Problem requirements: Copy out the listing that follows exactly, dropping every picture.

Information provided:
[Start of Attachment]
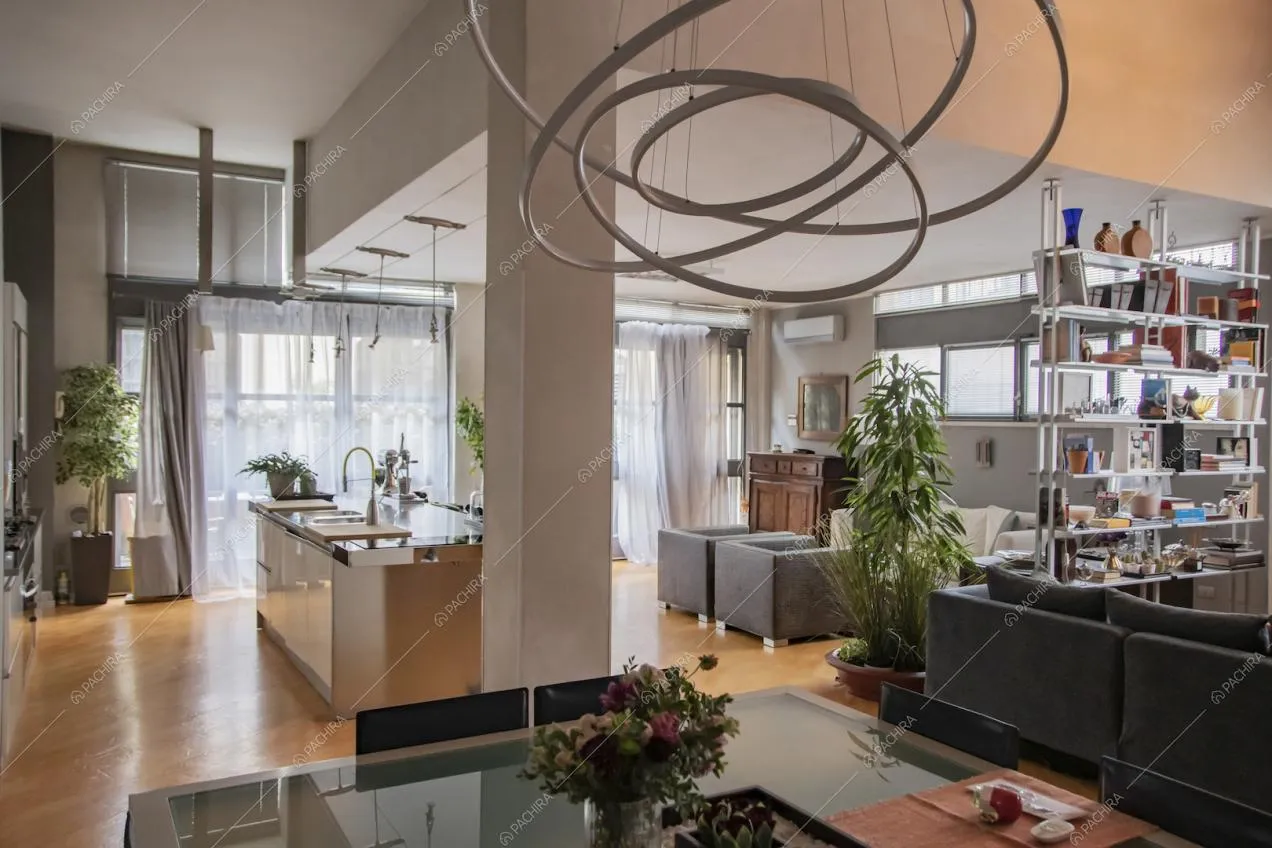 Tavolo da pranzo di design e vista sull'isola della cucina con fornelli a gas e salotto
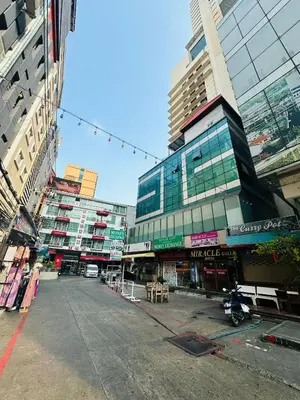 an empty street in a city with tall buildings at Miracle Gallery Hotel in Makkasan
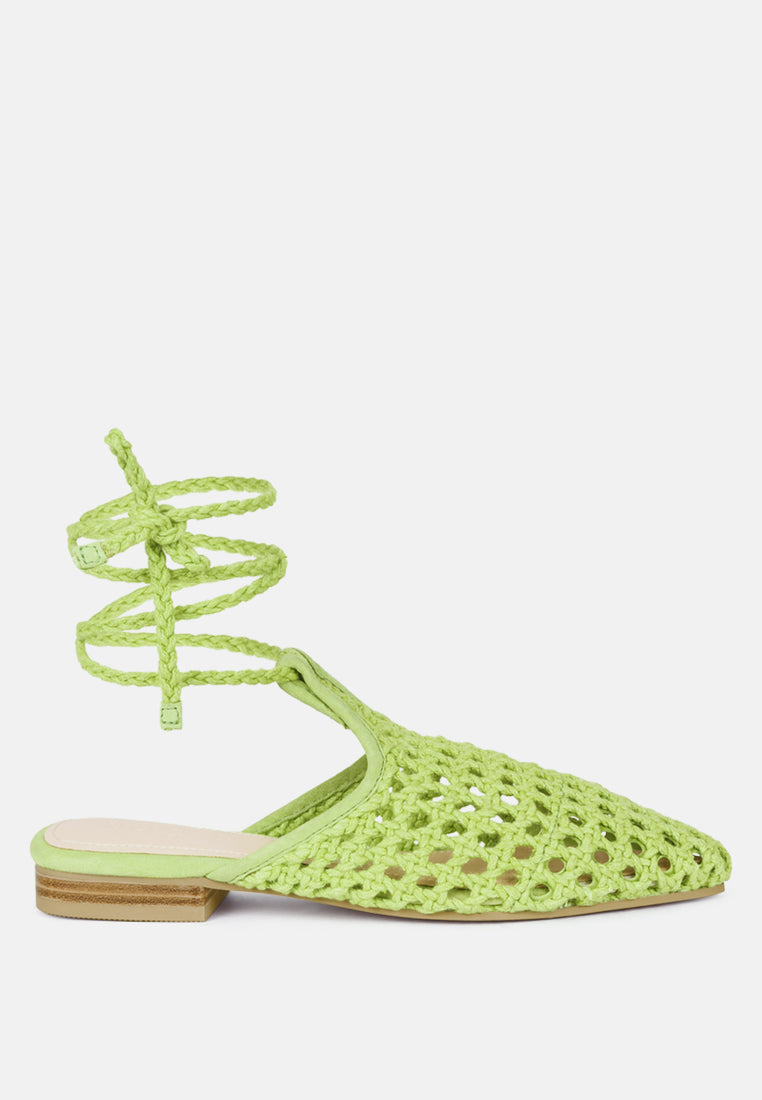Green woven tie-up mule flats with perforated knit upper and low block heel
[End of Attachment]
Reply to the exercise:
 Tavolo da pranzo di design e vista sull'isola della cucina con fornelli a gas e salotto
 an empty street in a city with tall buildings at Miracle Gallery Hotel in Makkasan
Green woven tie-up mule flats with perforated knit upper and low block heel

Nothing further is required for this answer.